The AI industry has been notable for calling attention to the risks of its products and asking for its own regulation, with OpenAI and other players openly pushing Washington to set rules around the technology. Reis, similarly, says he expects criticism of the AI campaign caller, but sees his company’s role as “being part of that conversation and ushering through sensible regulation."

The co-founders said the company built its tool using an amalgamation of open-source and proprietary AI models, though they declined to share specifics. They also declined to publicly share any details about the data they used to train or test the model. The robot caller records each call and tracks voter replies to determine how they think and feel about issues. That data will go to Daniels’ campaign, but Civox’s co-founders said they hadn’t decided if they’d also use the voter data to further train their tool.

Daniels, for her part, argues that AI can improve democracy by giving less well-funded candidates the chance to do wider and more sophisticated outreach, including calling voters in more than 20 languages. Though that, too, can cause controversy — New York City Mayor Eric Adams triggered blowback when he used AI to call voters in his own voice, but in languages he didn’t speak.

It could also potentially save campaigns time and money associated with training volunteers to do phone-banking calls. Civox is offering its AI voice chatbot for prices closer to robocalls but with the bonus of having two-way conversations like more costly campaign phone banks.

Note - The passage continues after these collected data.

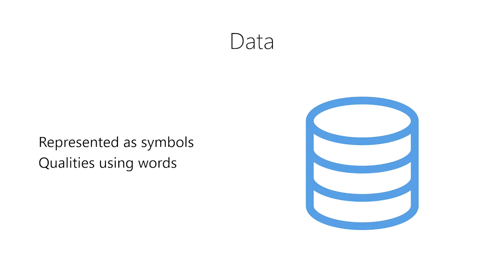In addition, this includes representing the quantities of things using numbers. For example, the apple has a mass of 100 grams.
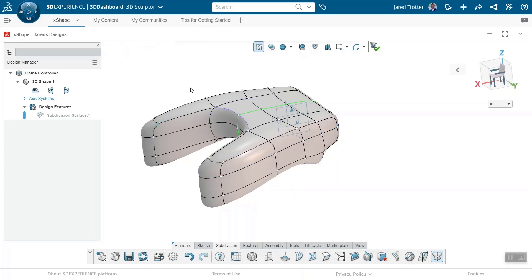The XShape app in the 3D Sculptor Role makes modeling organic designs as natural as playing with clay in your hands.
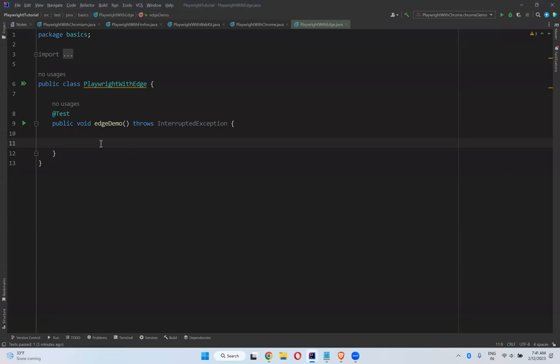Hi, in this video we will talk about how to execute your scripts in Edge browser in Playwright.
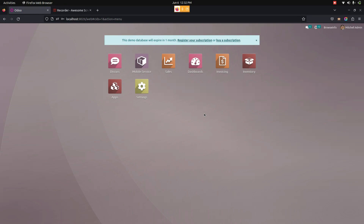Hello everyone. The mobile service management app helps users to manage the daily activities of the mobile shop. For that, we need to complete some access to its configurations.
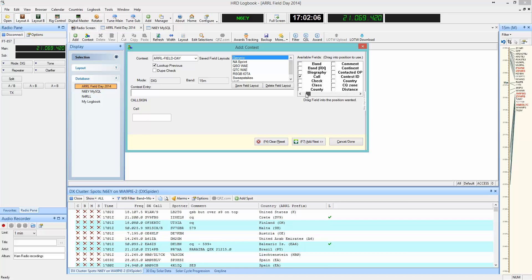Next, we'll go all the way back to the beginning, and we'll select the correct fields, which will be Class and ARL Section.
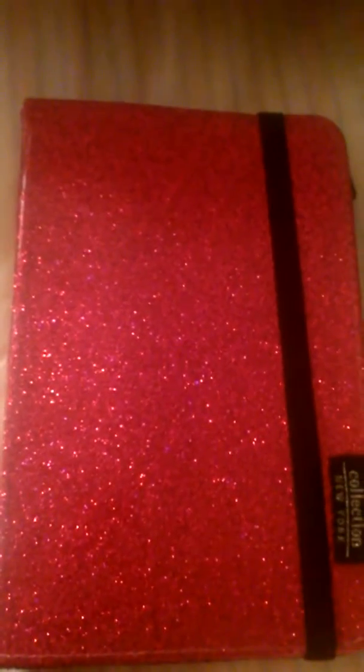What's up girls, today I'm going to be showing you what's on my tablet. First, let's start with the case. It's just a standard case, it's pink and it's got sparkles all over it. It's pretty nice and it's got this protective strap and it's from the New York collection.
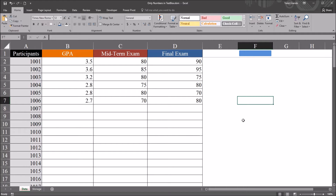Hello, this is Dr. Grande. Welcome to my video on using an Excel VBA user form to allow numeric entries through text box controls. As always, if you find this video helpful, please like it and subscribe to my channel. I certainly appreciate it.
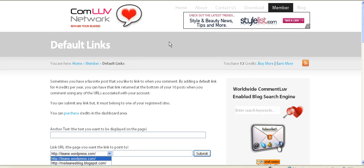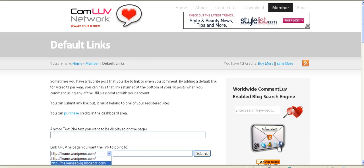So this is the area that you come to add default links for Comment Love. That's your quick tip from Ms. Eileen Speaks. Have a great day. Peace.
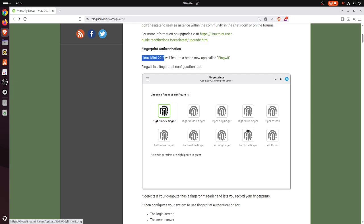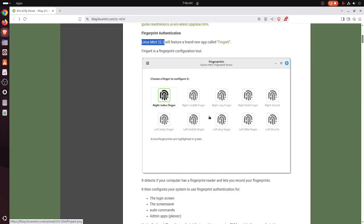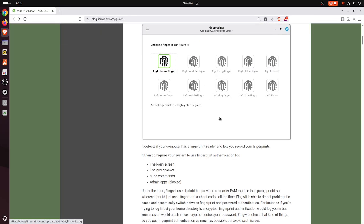Sounds like a husband and wife are fighting, and she yells out to the husband, 'you dumb FingWit.' Anyway, it's a fingerprint reader and lets you record your fingerprints. I couldn't resist.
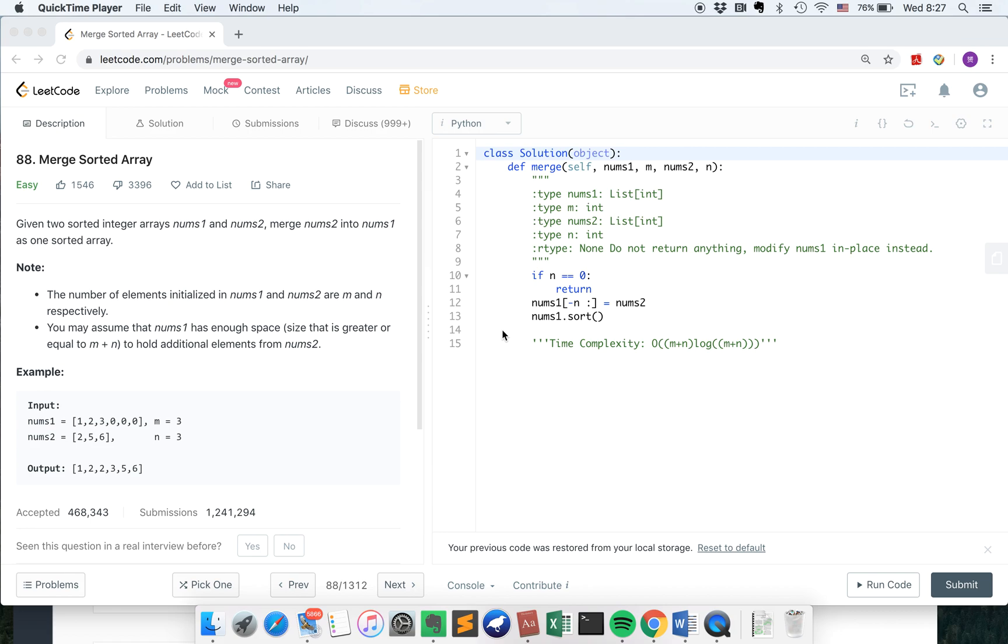Hello everyone, LeetCode a day. Today our problem is LeetCode 88, Merge Sorted Array. Merge Sorted Array is a very important algorithm. It can be used in MergeSort and finding the median of two sorted arrays. So let's get started.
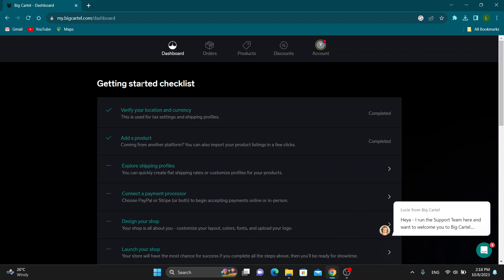As you can see, we have the getting started checklist right here. We can see all the sections that we can access such as dashboard, orders, products, and so on. Now let's get started seeing how to edit our theme.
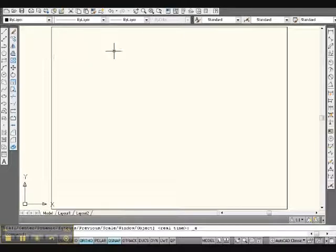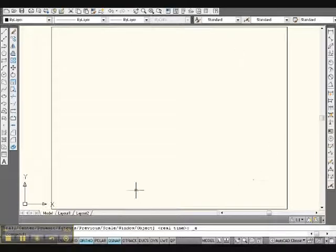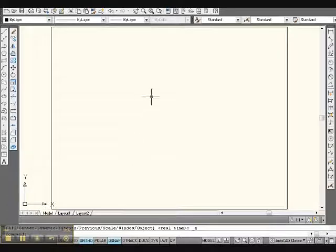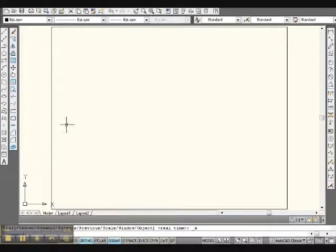This big rectangle that I have on here right now is my 8.5 by 11 sheet of paper just so that you can get a perspective on what size paper we're using and what our dimensions are.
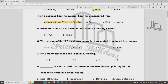Prismatic compass is a whole circle bearing system — true. Surveyor compass is a reduced bearing system — true. The bearing of line AB is a reduced bearing: Southeast 30 degrees.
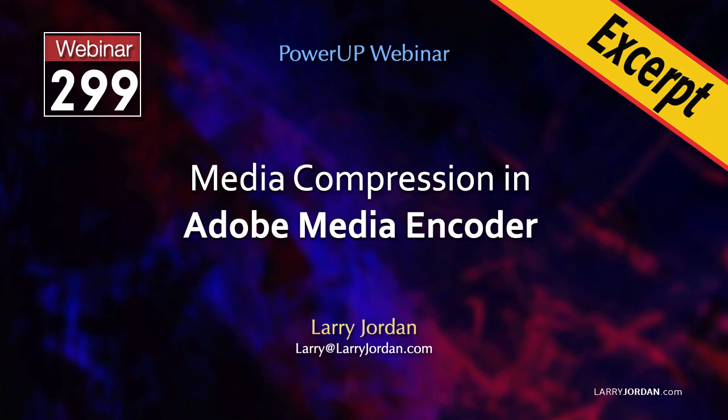This is an excerpt of a recent Power Up webinar on media compression in Adobe Media Encoder. Hi, my name is Larry Jordan. In this short video, I'll show you how to crop and reframe video along with creating a short segment to test compression settings.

Daniels sees AI as a tool to improve campaign operations, not a replacement for human volunteers. Campaign callers often lack deep training on a candidate’s background or policies beyond whatever is listed on a prompt card. She said the AI tool allows more extensive conversations with voters so the campaign can register voter policy priorities and develop policy positions more quickly.

It could also translate into government: She envisions public officials using AI to engage more constituents in the policy-making process.

However, David Fish, a 63-year-old retired intelligence analyst and a registered Democrat in Hampden Township, Pennsylvania, who got the AI call on Monday, said it wasn’t quite ready for prime time. He said it took long pauses before answering questions and had a tendency to repeat answers, but it’s good for initial voter outreach.

“I had to ask it a couple of times to try to get it to focus on what I was really asking,” he said, “whereas if I was talking to a human that would be a lot easier.”

“But, on the other hand, you might be more free to ask something you might not want to ask a person.”